(Captioned web images)
=-=-=-=-=
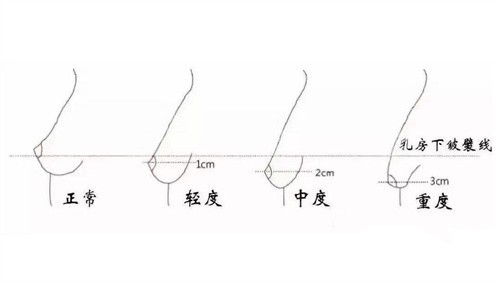 胸部下垂图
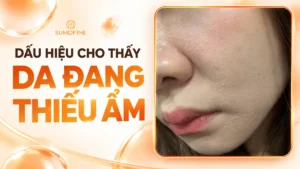 Dấu hiệu da bị thiếu ẩm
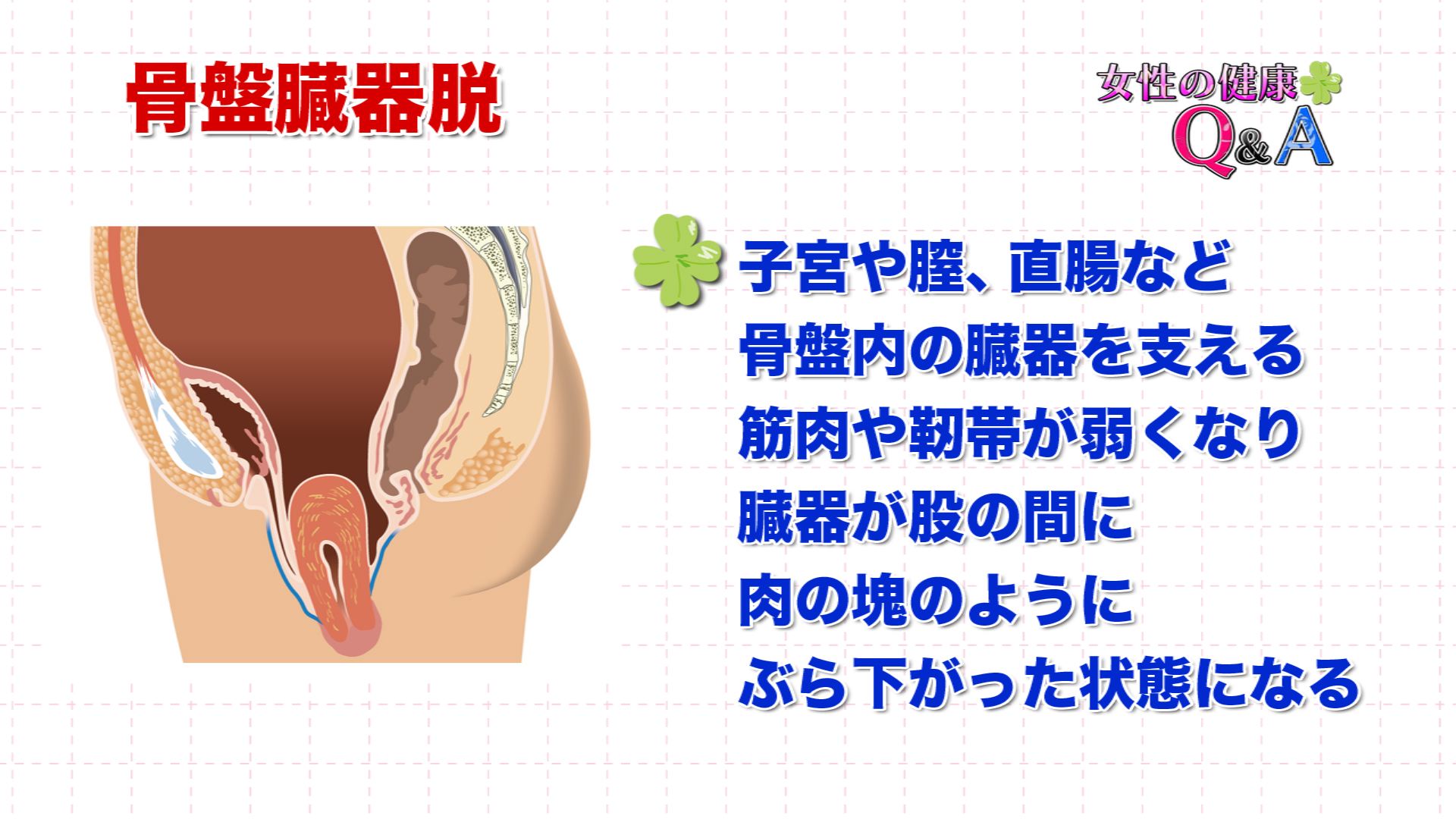 9月日 骨盤臓器脱の治療法 女性の健康q A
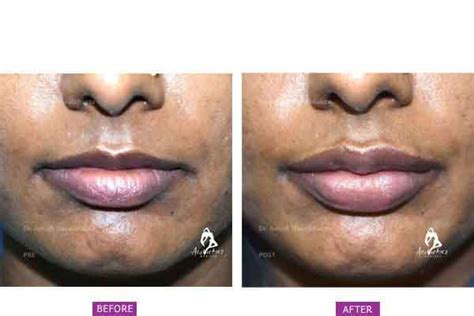 Perfect Your Lips with Lip Surgery | Dr. Ashish Davalbhakta, Pune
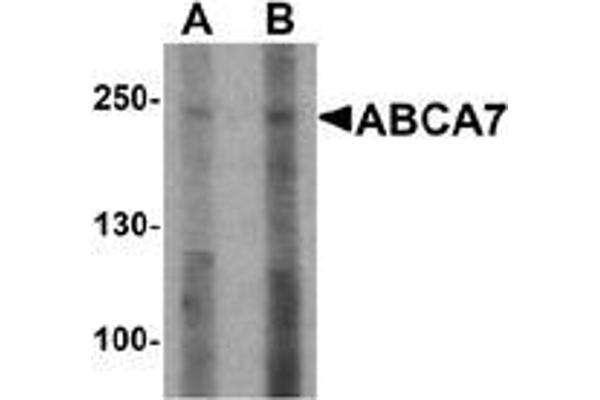ABCA7 Antikörper  (N-Term)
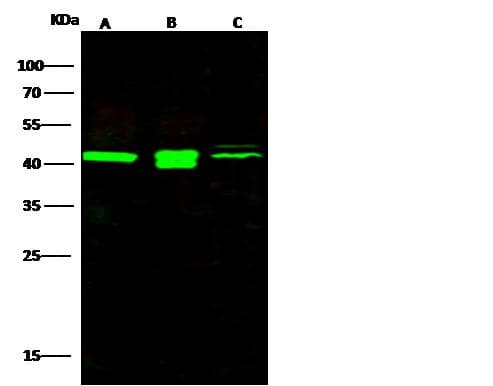 Polyclonal Rabbit anti-Human PREX1 / P-REX1 Antibody (Preservative Free, WB)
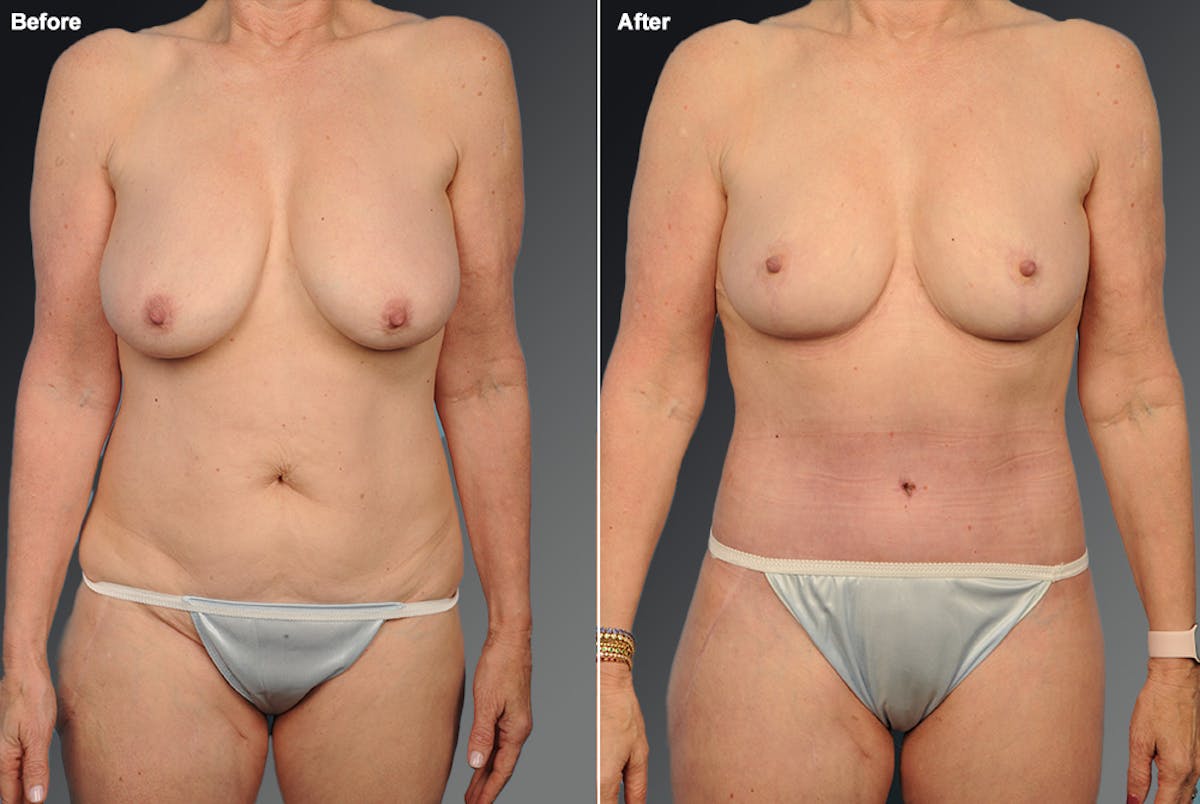 Tummy Tuck Before & After Gallery - Patient 105840819 - Image 1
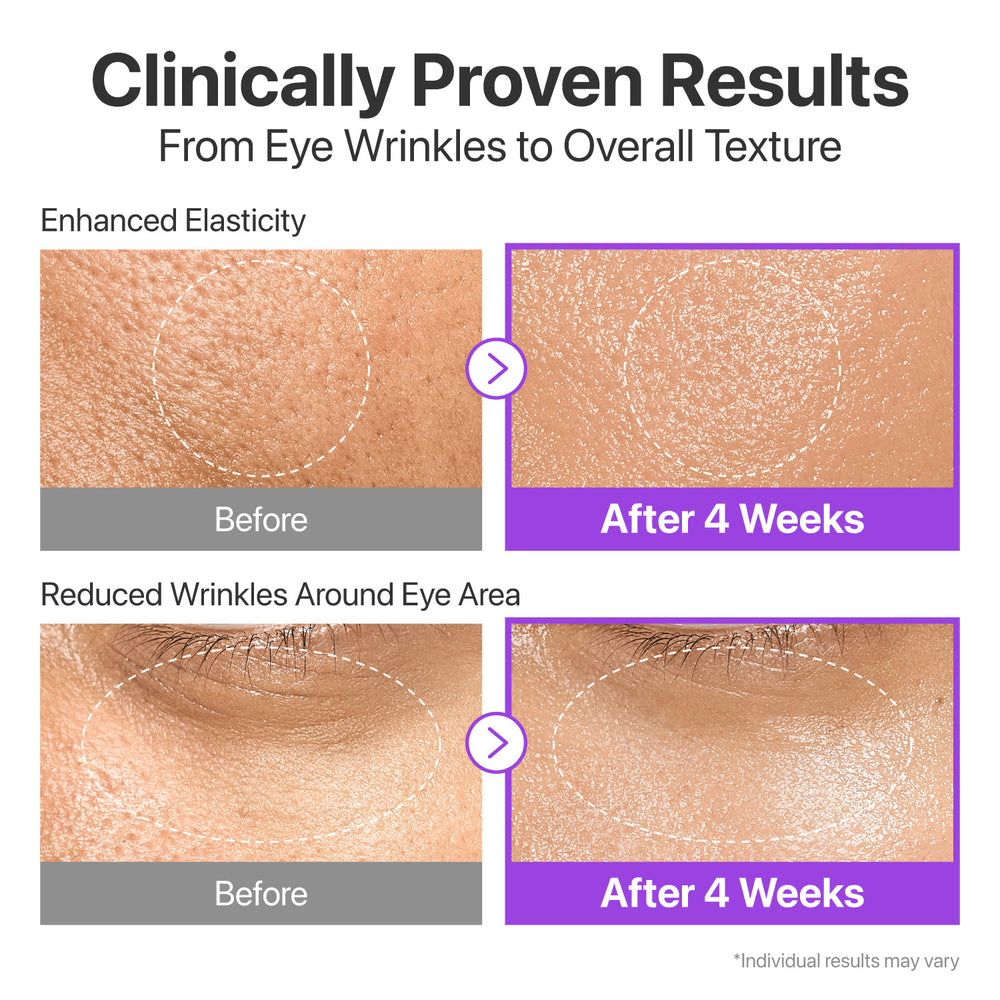Image showing clinically proven results of numbuzin No.9 NAD+ BIO Lifting-sil Essence for skin texture improvement.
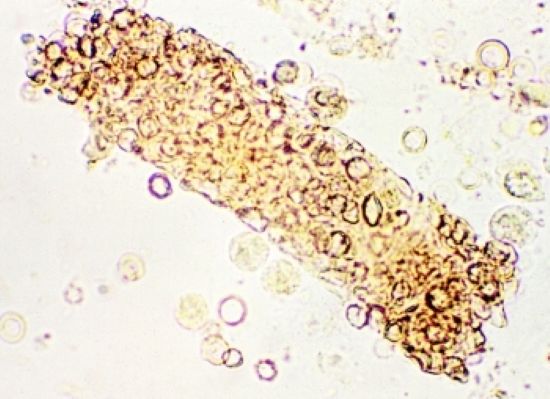 Urine Casts: RBC Cast thumbnail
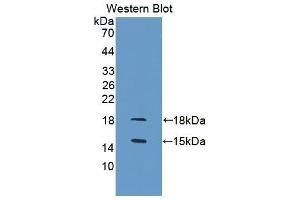 Western blot analysis of the recombinant protein. (GDF3 anticorps  (AA 253-366))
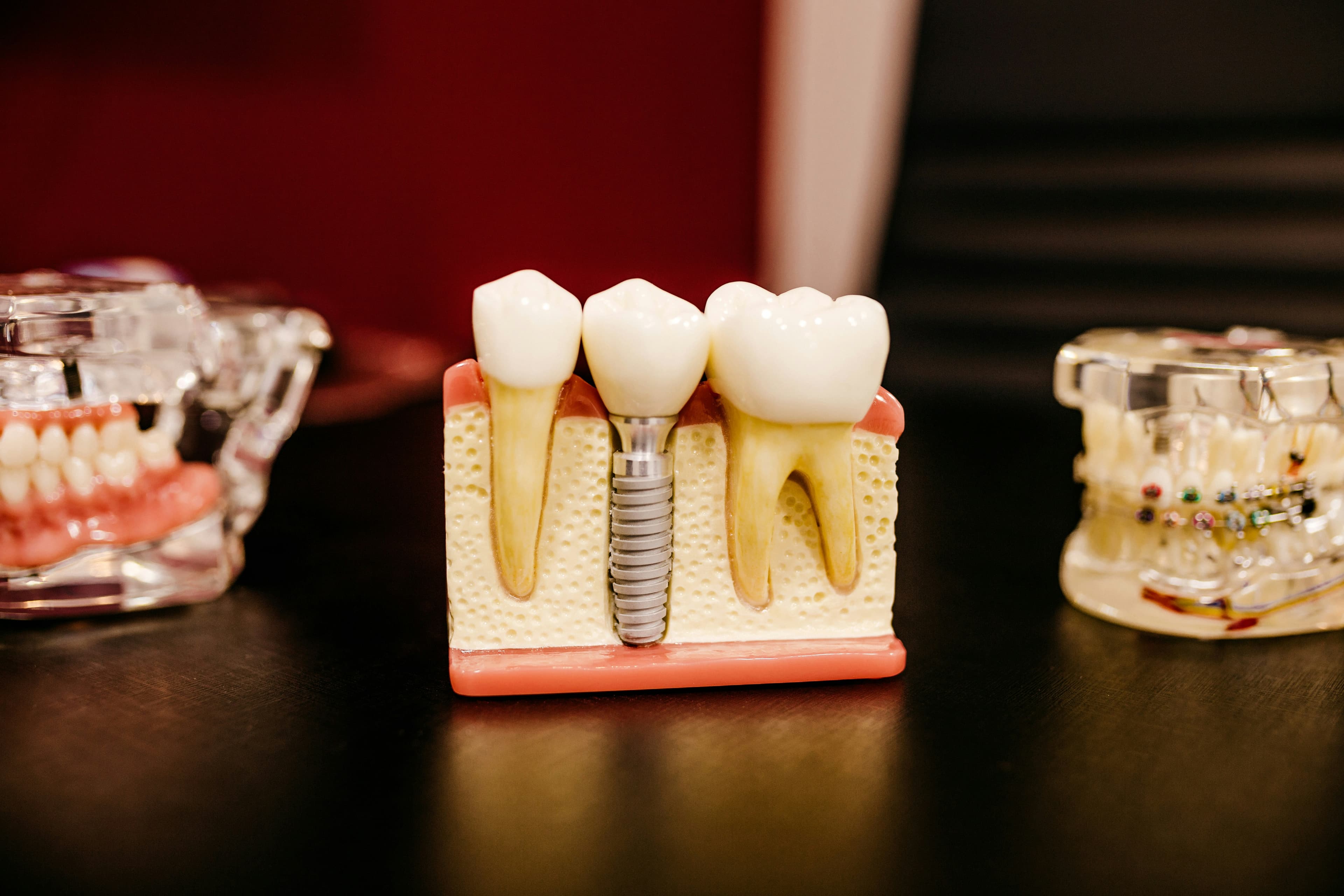 Dental Implants in Agoura Hills: Your Complete Guide to Permanent Tooth Replacement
=-=-=-=-=
▶ What you should do:
Each line from the one holding "Image showing clinically" through the last line of the records above must be duplicated exactly, and pictures must not be.

▶ Response:
Image showing clinically proven results of numbuzin No.9 NAD+ BIO Lifting-sil Essence for skin texture improvement.
 Urine Casts: RBC Cast thumbnail
 Western blot analysis of the recombinant protein. (GDF3 anticorps  (AA 253-366))
 Dental Implants in Agoura Hills: Your Complete Guide to Permanent Tooth Replacement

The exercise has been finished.